I was recently asked about an article comment I posted a few weeks back about my strategy for direct stock purchases by a fellow SA reader. I found myself responding in a manner trying to sum up several months worth of research and planning into what would effectively be a 200 word private message. Since it's the holiday season and I have a few extra days off from the normal grind, I thought it would be fruitful to produce a much more verbose response. Much of this will be a story in chronological order so that you, the reader, can understand the logic in the path I pursued.
I am not a professional investor, have not worked in finance, nor have I ever taken a business course. However, I have spent most of my professional career paying attention to how my employers (of which I have had a few) managed and expanded their businesses. Putting all of the intrinsic value of each company aside, the bottom line was always the toughest number to increase or at least keep consistent. Whether it be employee turnover or just the cyclical nature of the profession I am in, the cost of providing the service defined how the company performed (at least financially).
The cost of investing.
I started this journey investigating mutual fund fees. The only mutual funds I have ever owned were no-load mutual funds that were managed by the brokerage company that I had my money with. The fees were fairly paltry compared to some higher end funds, but after converting the percentage points into dollars invested over time I was appalled.

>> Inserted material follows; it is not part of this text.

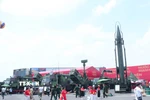 Khu trưng bày ngoài trời với các loại khí tài do các tập đoàn Công nghiệp Quốc phòng Việt Nam sản xuất và cải tiến nâng cấp. (Ảnh: Trọng Đức/TTXVN)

The idea of no-load sounds wonderful until they are run through the Finra fund analyzer. Using this tool and assuming a basic $10,000 investment with an annual return of 7% over 20 years for each of three mutual funds ($PRNEX, $PREIX, $VFINX), an investor would be losing $2,620.74, $1,147.89, and $706.29 respectively. Even if an investor made stock purchases four times a year for twenty years, he/she wouldn't be spending anywhere near that amount with the exception of the $VFINX fund and possibly with better returns. Now before anyone attacks me for arbitrarily picking three random mutual funds, let me explain that I understand there are other options on the table to choose from including less costly funds (although $VFINX is already pretty cheap) and ETFs. I picked these because they represented some of the lower price points for mutual fund fees. The issue at hand for me is paying that amount of money and getting a paltry 7% return (which is approximate based off of many published targets). I'm not going to claim that every investor out there is a financial genius (as I know some of this is just luck and not pure fundamentals), but I'm willing to bet that if he/she stayed active during the year he/she could easily beat that with just two handfuls of intelligently selected stocks.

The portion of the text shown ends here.